China has been transformed beyond recognition since the ruling Communist party decided 30 years ago this week to abandon Maoism, build a market economy, and dismantle the "bamboo curtain" that had isolated the country from most of the world. This series explores what "reform and opening" has meant to the everyday lives of six individuals.

SHENZHEN, CHINA – It is hard to imagine Qi Xuewu, with his flowing locks, immaculately pleated shirt front, pinstripe trousers, and patent leather loafers, as a cotton farmer.

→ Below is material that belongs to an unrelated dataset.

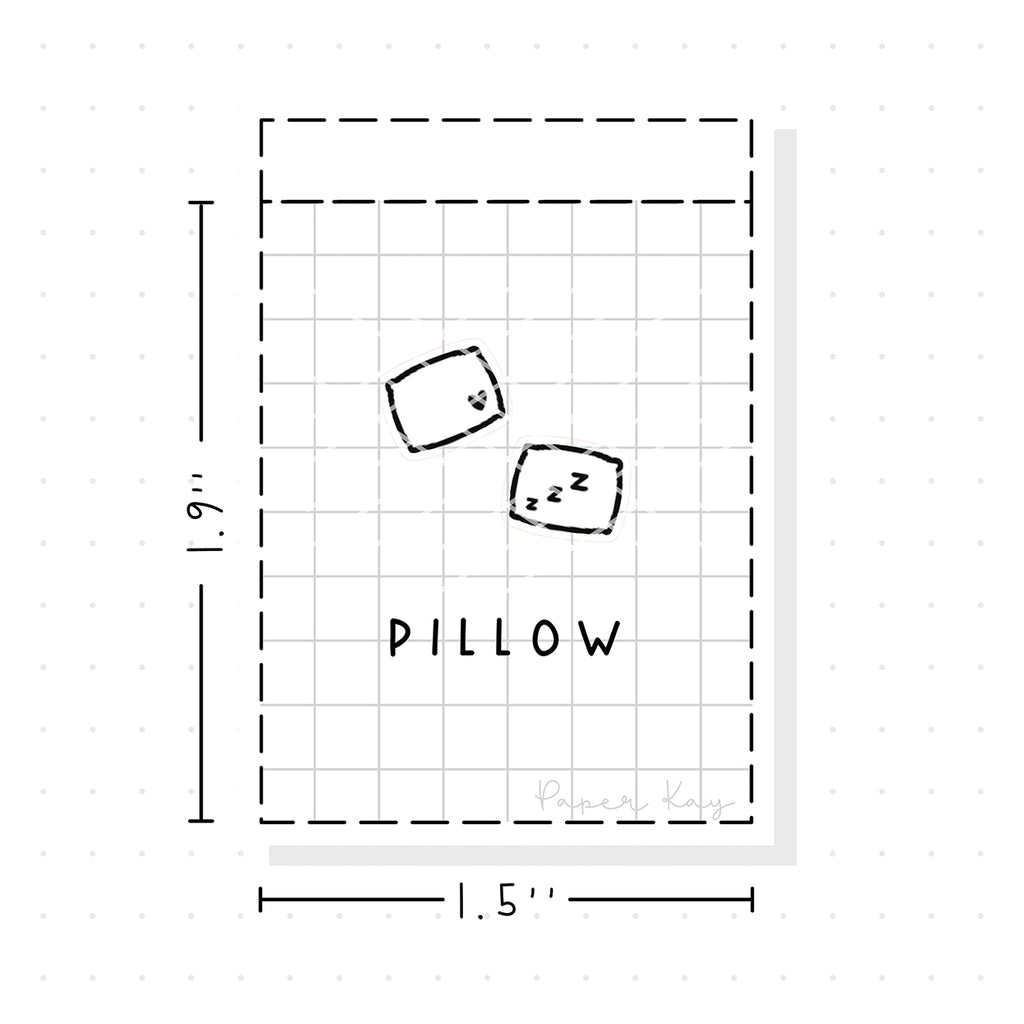 (PM225) Pillow - Tiny Minimal Icon Stickers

Mr. Qi could not imagine himself as a cotton farmer either. After laboring for only 18 months in his father's fields near China's border with Kazakhstan he packed his bags in 1999 and like 140 million other migrant workers, set off in search of a better life.

Qi, however, had no intention of following his fellow villagers who had "gone out" to construction sites and sweatshops on China's booming east coast. Setting his sights higher, he went to hairdressing school, which he saw as a passport to freedom.

"I knew that if I learned to become a really good stylist I could go anywhere in China with my scissors, and nobody could stop me," he says, tossing his fashionably cut hair out of his eyes.

It worked. Today, after snipping and blow-drying his way up through a series of less classy joints, 29-year-old Qi works at one of the most upscale hair salons in Shenzhen, China's fastest growing city and a showcase of the "reform and opening" policy.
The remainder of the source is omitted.